## INFORMATION:
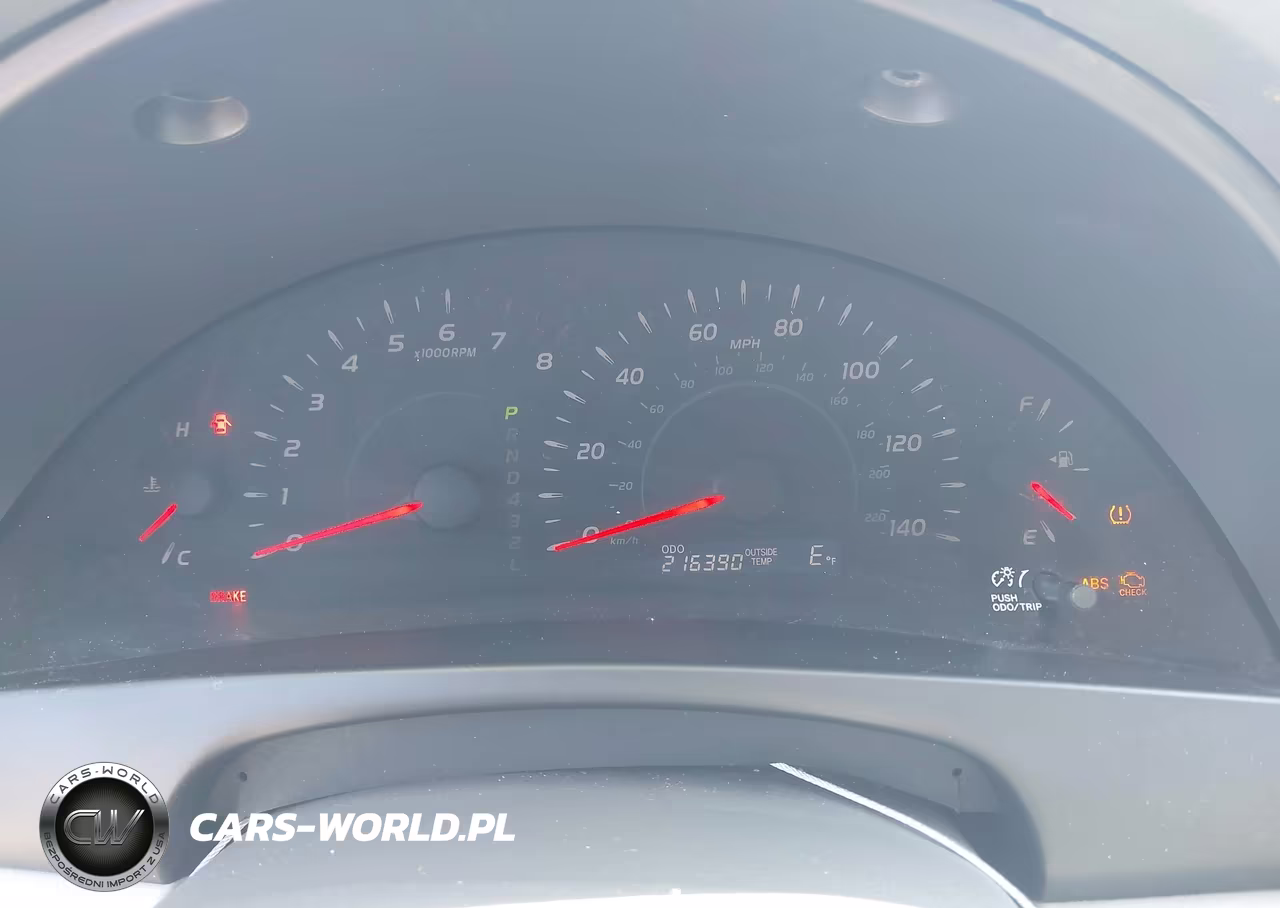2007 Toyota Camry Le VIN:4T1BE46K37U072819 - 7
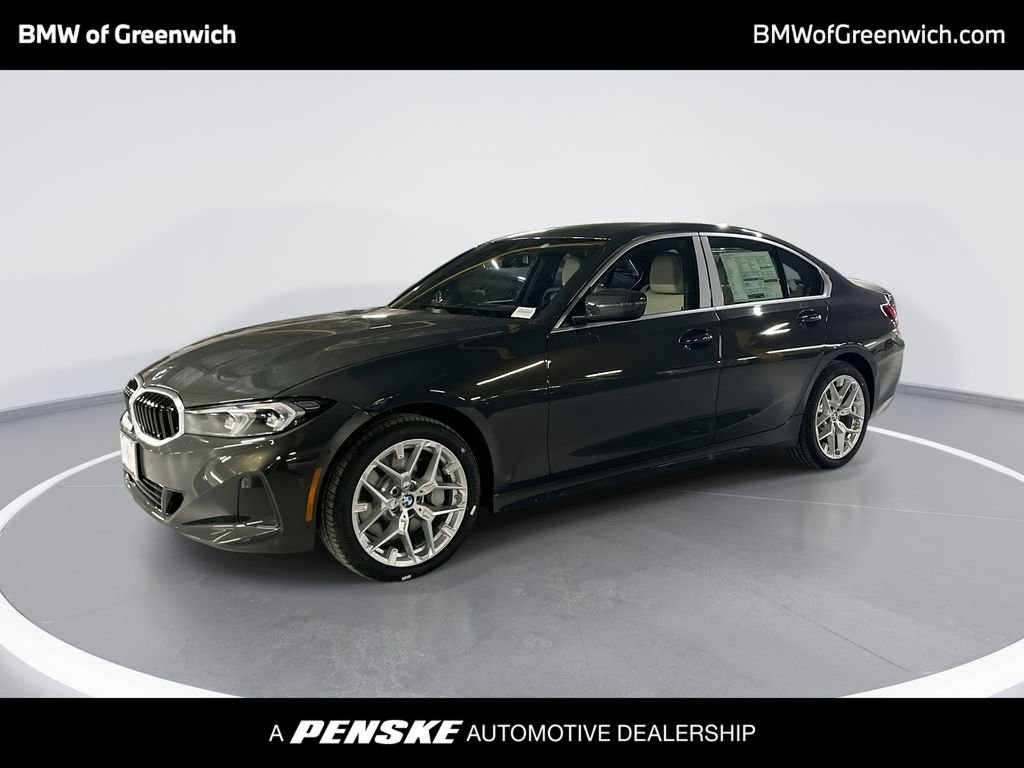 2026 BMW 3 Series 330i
==
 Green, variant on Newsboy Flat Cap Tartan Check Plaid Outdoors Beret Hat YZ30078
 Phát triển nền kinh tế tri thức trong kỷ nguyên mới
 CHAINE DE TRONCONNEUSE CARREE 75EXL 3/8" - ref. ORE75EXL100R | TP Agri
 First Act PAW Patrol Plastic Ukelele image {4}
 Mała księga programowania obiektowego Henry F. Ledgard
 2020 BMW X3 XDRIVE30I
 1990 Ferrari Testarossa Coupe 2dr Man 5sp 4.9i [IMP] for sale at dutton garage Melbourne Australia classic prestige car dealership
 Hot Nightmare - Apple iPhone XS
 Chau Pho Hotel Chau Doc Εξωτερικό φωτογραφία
...
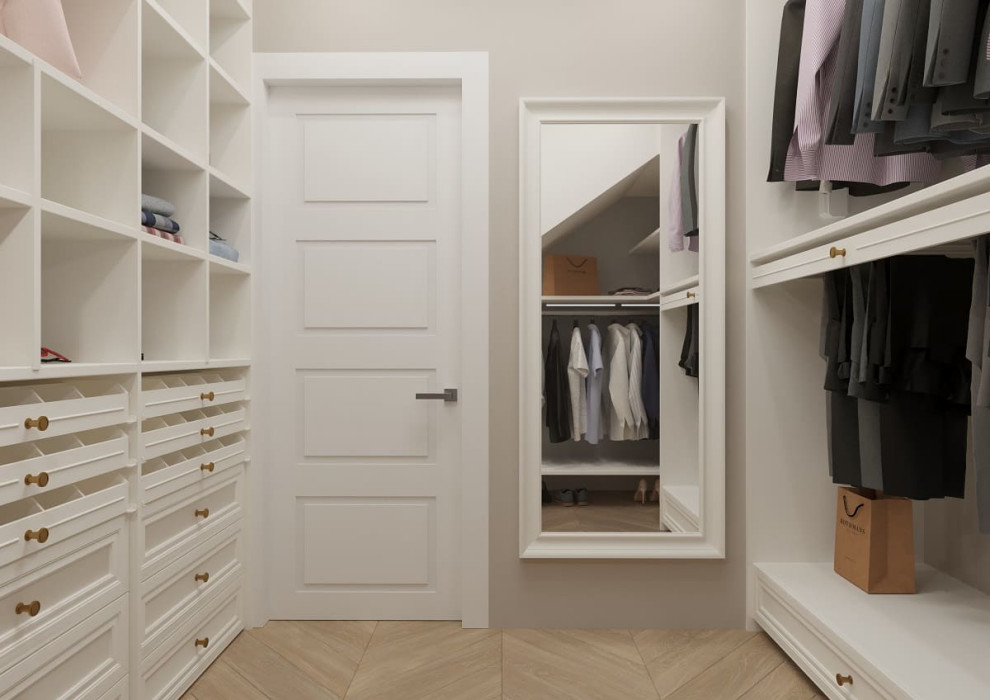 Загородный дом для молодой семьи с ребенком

## WHAT IS BEING ASKED:
Output the lines above exactly, but only those between the line holding "2020 BMW X3 XDRIVE30I" and the line holding "Chau Pho Hotel Chau Doc Εξωτερικό φωτογραφία", inclusive.

## PROBLEM SOLUTION:
 2020 BMW X3 XDRIVE30I
 1990 Ferrari Testarossa Coupe 2dr Man 5sp 4.9i [IMP] for sale at dutton garage Melbourne Australia classic prestige car dealership
 Hot Nightmare - Apple iPhone XS
 Chau Pho Hotel Chau Doc Εξωτερικό φωτογραφία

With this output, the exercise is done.